The IPO calendar. SpaceX’s record $135-per-share IPO cleared the market last week, but the next wave — Kardigan, Quantinuum follow-ons — is sensitive to risk-free-rate moves and to the dispersion in the dots, which proxies for policy uncertainty.
The balance sheet question nobody is asking out loud
The Fed has been letting Treasury and MBS holdings roll off at the current cap pace since the May 2024 slowdown announcement. At roughly $6.7 trillion, the balance sheet is still well above pre-pandemic. Warsh has been a longtime advocate for a smaller, less interventionist Fed footprint, and his public writings have argued the runoff should continue further than markets expect. If the statement language on the balance sheet changes — or if Warsh answers a press-conference question with a tilt toward continued QT — that is the highest-impact, least-priced surprise on the table.

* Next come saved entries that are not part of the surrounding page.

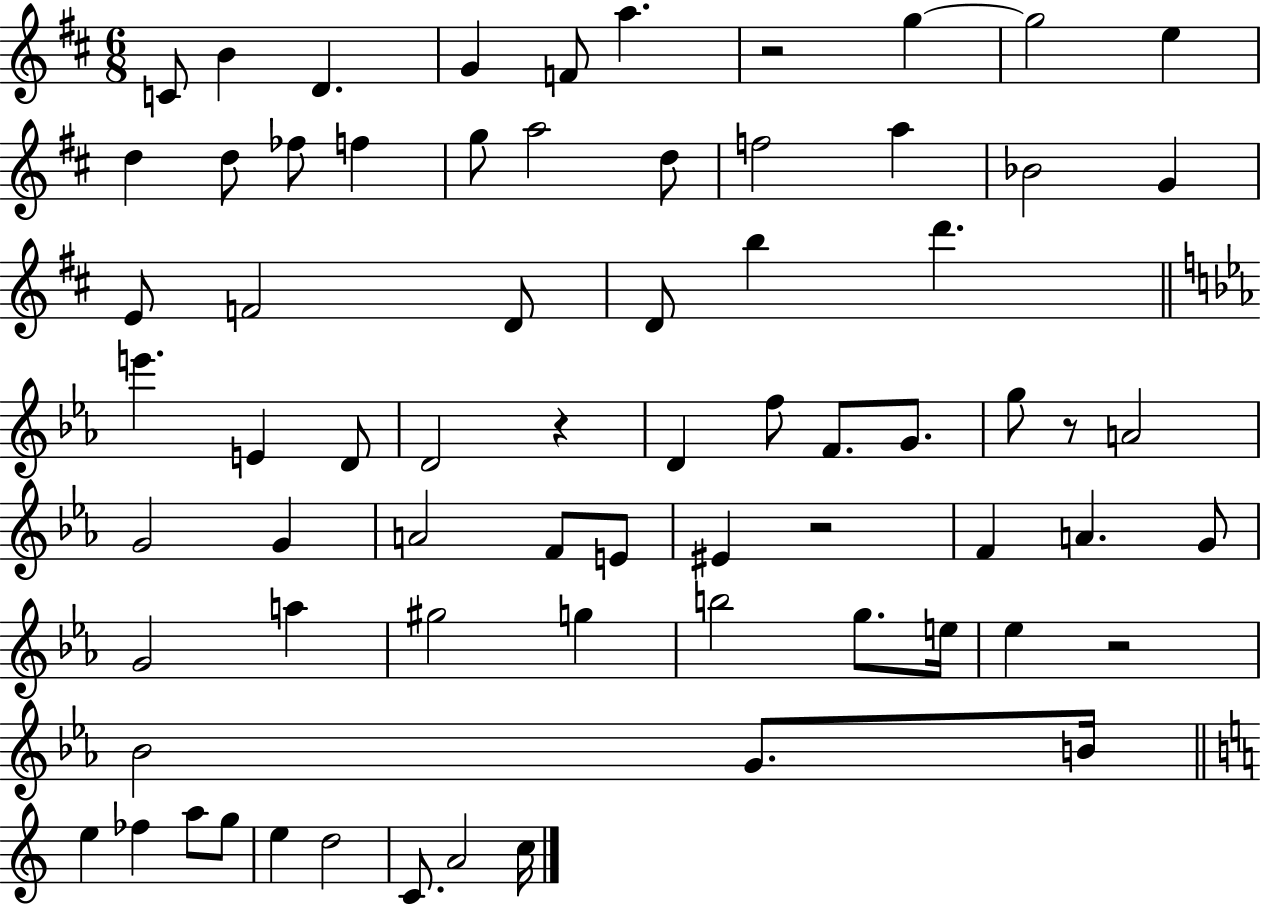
{
  \clef treble
  \numericTimeSignature
  \time 6/8
  \key d \major
  c'8 b'4 d'4. | g'4 f'8 a''4. | r2 g''4~~ | g''2 e''4 | \break d''4 d''8 fes''8 f''4 | g''8 a''2 d''8 | f''2 a''4 | bes'2 g'4 | \break e'8 f'2 d'8 | d'8 b''4 d'''4. | \bar "||" \break \key ees \major e'''4. e'4 d'8 | d'2 r4 | d'4 f''8 f'8. g'8. | g''8 r8 a'2 | \break g'2 g'4 | a'2 f'8 e'8 | eis'4 r2 | f'4 a'4. g'8 | \break g'2 a''4 | gis''2 g''4 | b''2 g''8. e''16 | ees''4 r2 | \break bes'2 g'8. b'16 | \bar "||" \break \key c \major e''4 fes''4 a''8 g''8 | e''4 d''2 | c'8. a'2 c''16 | \bar "|."
} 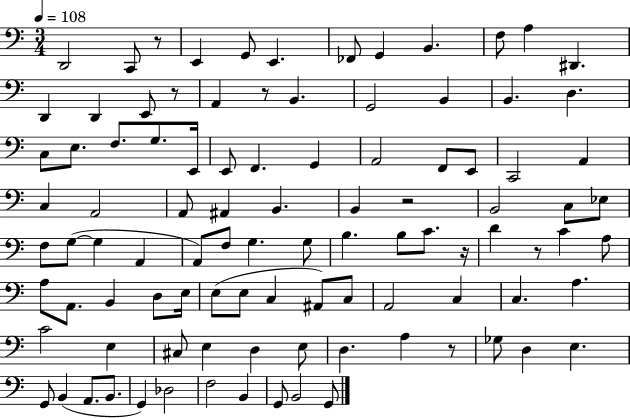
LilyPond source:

{
  \clef bass
  \numericTimeSignature
  \time 3/4
  \key c \major
  \tempo 4 = 108
  d,2 c,8 r8 | e,4 g,8 e,4. | fes,8 g,4 b,4. | f8 a4 dis,4. | \break d,4 d,4 e,8 r8 | a,4 r8 b,4. | g,2 b,4 | b,4. d4. | \break c8 e8. f8. g8. e,16 | e,8 f,4. g,4 | a,2 f,8 e,8 | c,2 a,4 | \break c4 a,2 | a,8 ais,4 b,4. | b,4 r2 | b,2 c8 ees8 | \break f8 g8~(~ g4 a,4 | a,8) f8 g4. g8 | b4. b8 c'8. r16 | d'4 r8 c'4 a8 | \break a8 a,8. b,4 d8 e16 | e8( e8 c4 ais,8) c8 | a,2 c4 | c4. a4. | \break c'2 e4 | cis8 e4 d4 e8 | d4. a4 r8 | ges8 d4 e4. | \break g,8 b,4( a,8. b,8. | g,4) des2 | f2 b,4 | g,8 b,2 g,8 | \break \bar "|."
} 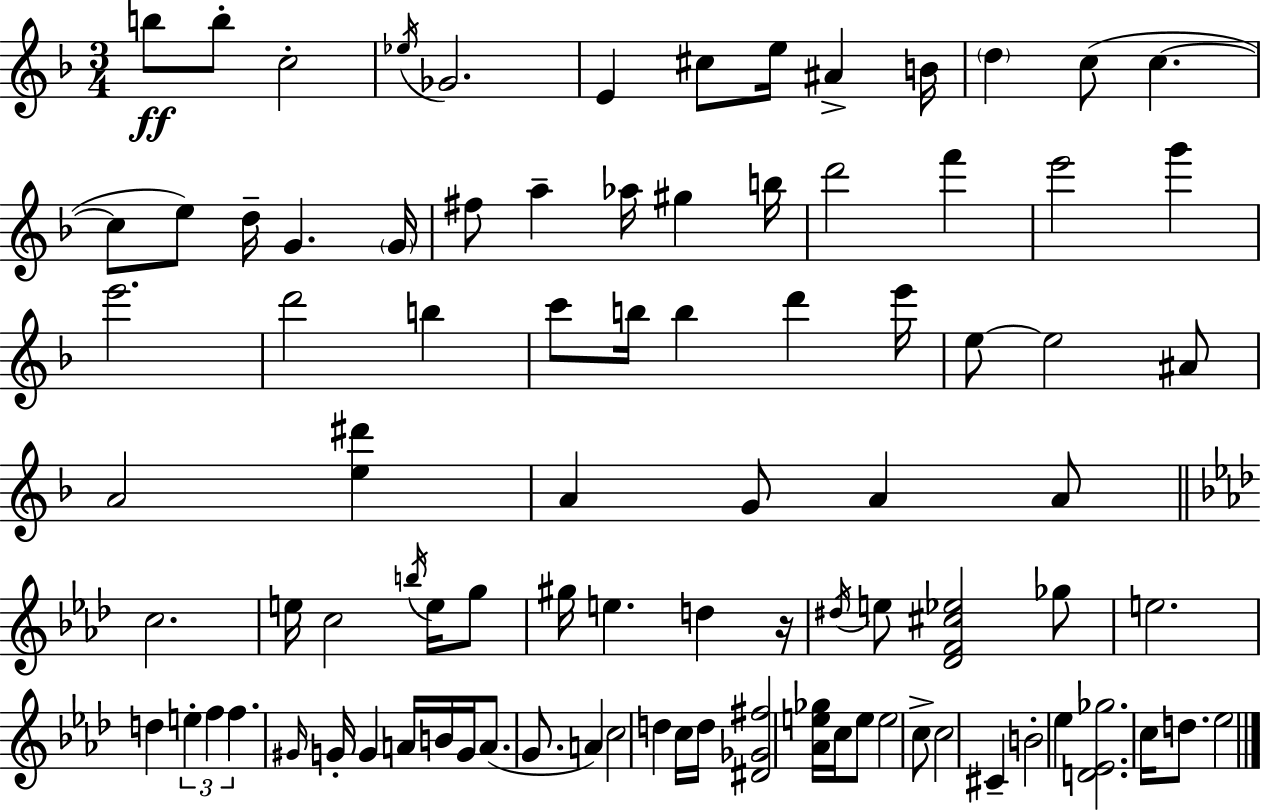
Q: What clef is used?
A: treble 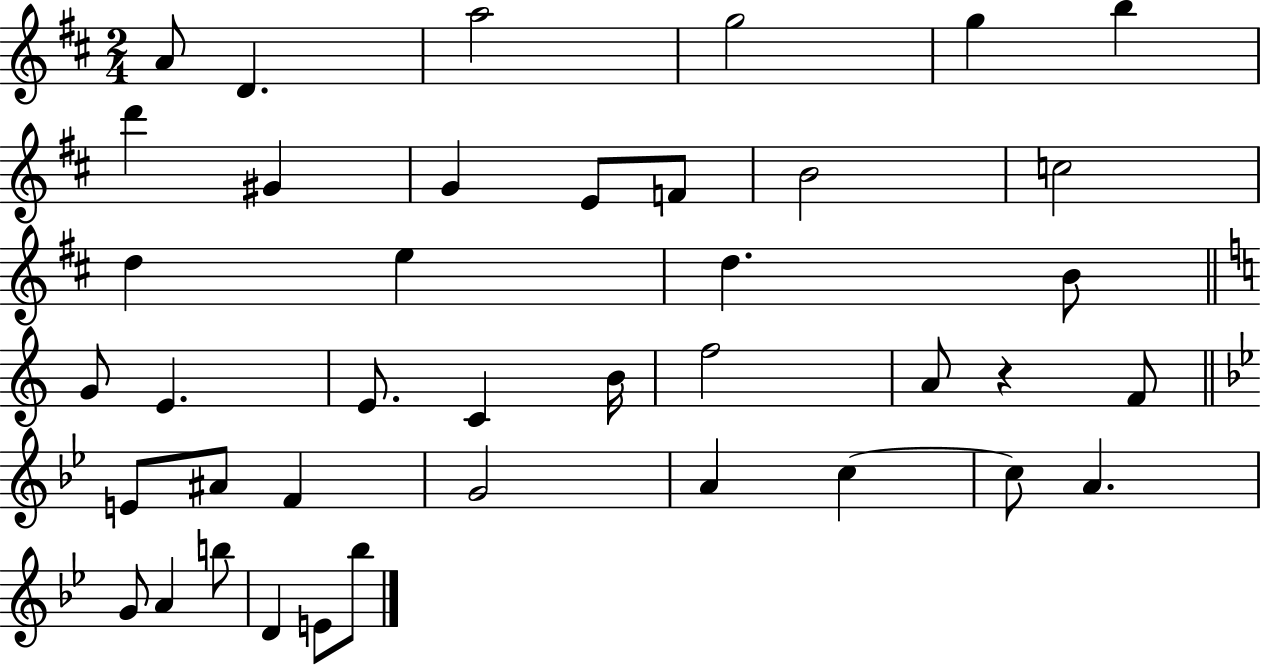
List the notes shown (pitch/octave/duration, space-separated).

A4/e D4/q. A5/h G5/h G5/q B5/q D6/q G#4/q G4/q E4/e F4/e B4/h C5/h D5/q E5/q D5/q. B4/e G4/e E4/q. E4/e. C4/q B4/s F5/h A4/e R/q F4/e E4/e A#4/e F4/q G4/h A4/q C5/q C5/e A4/q. G4/e A4/q B5/e D4/q E4/e Bb5/e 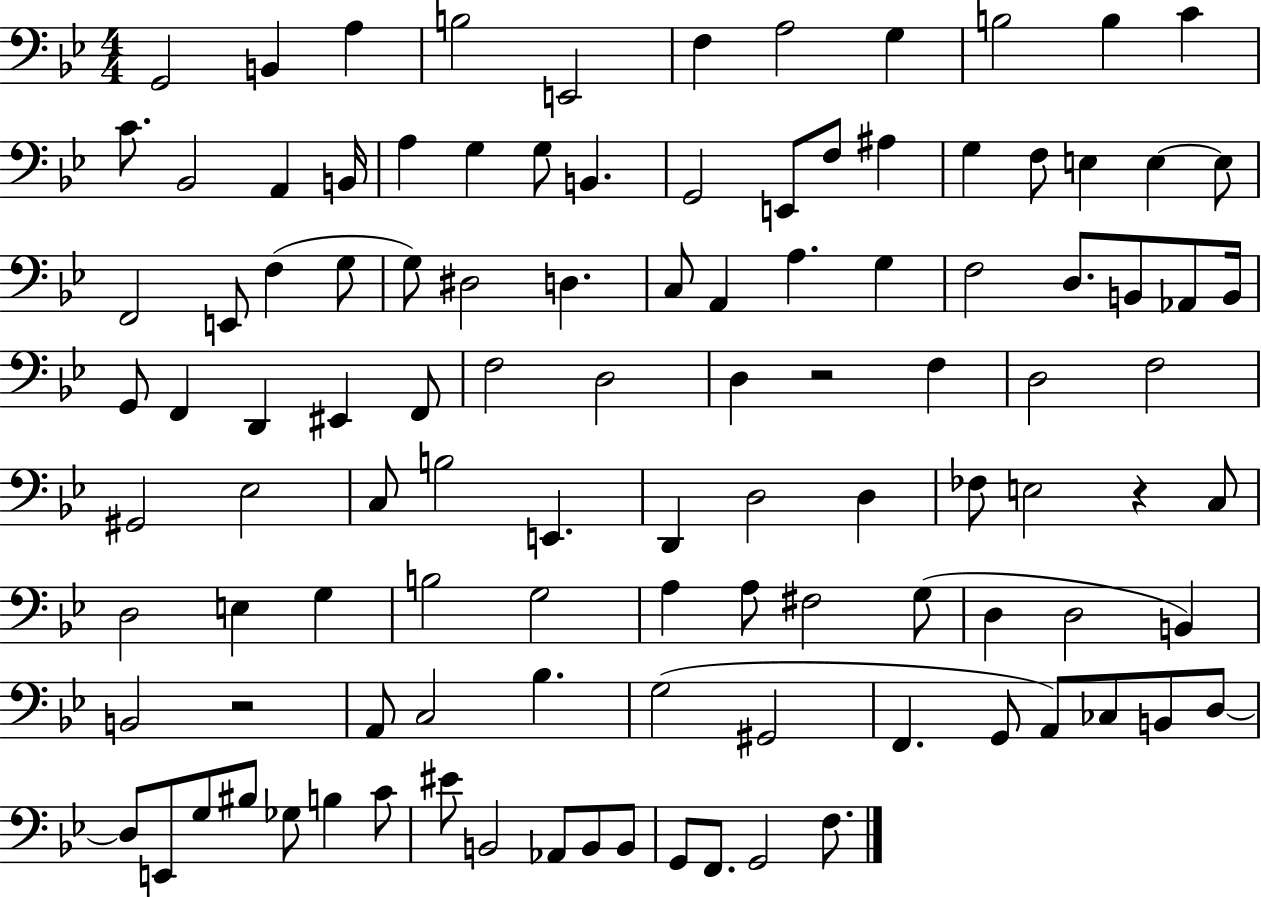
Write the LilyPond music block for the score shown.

{
  \clef bass
  \numericTimeSignature
  \time 4/4
  \key bes \major
  g,2 b,4 a4 | b2 e,2 | f4 a2 g4 | b2 b4 c'4 | \break c'8. bes,2 a,4 b,16 | a4 g4 g8 b,4. | g,2 e,8 f8 ais4 | g4 f8 e4 e4~~ e8 | \break f,2 e,8 f4( g8 | g8) dis2 d4. | c8 a,4 a4. g4 | f2 d8. b,8 aes,8 b,16 | \break g,8 f,4 d,4 eis,4 f,8 | f2 d2 | d4 r2 f4 | d2 f2 | \break gis,2 ees2 | c8 b2 e,4. | d,4 d2 d4 | fes8 e2 r4 c8 | \break d2 e4 g4 | b2 g2 | a4 a8 fis2 g8( | d4 d2 b,4) | \break b,2 r2 | a,8 c2 bes4. | g2( gis,2 | f,4. g,8 a,8) ces8 b,8 d8~~ | \break d8 e,8 g8 bis8 ges8 b4 c'8 | eis'8 b,2 aes,8 b,8 b,8 | g,8 f,8. g,2 f8. | \bar "|."
}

The opposite scenario is also live: signs of funding stress at quarter-ends have raised the question of whether QT should be paused. A hint at pausing would be a meaningful tailwind for risk and a flattener for the curve.
Bottom line
This is a high-information, low-action meeting. The rate is almost certainly unchanged. The dots, the dispersion, the press-conference tone, and any language change on the balance sheet are what move bonds, credit spreads, and the IPO window. For capital markets desks, the trade is in the path — not the print.
Sources
- Federal Reserve — FOMC Calendars, Statements, and Minutes (2026)
- FOMC Statement — April 28-29, 2026
- Summary of Economic Projections — March 18, 2026
- Federal Reserve — Recent Balance Sheet Trends
- U.S. Treasury — Auction Press Releases
- New York Fed — Standing Repo Facility
Disclosure: This article was produced with AI assistance and reviewed before publication. It is for informational purposes only and is not investment advice.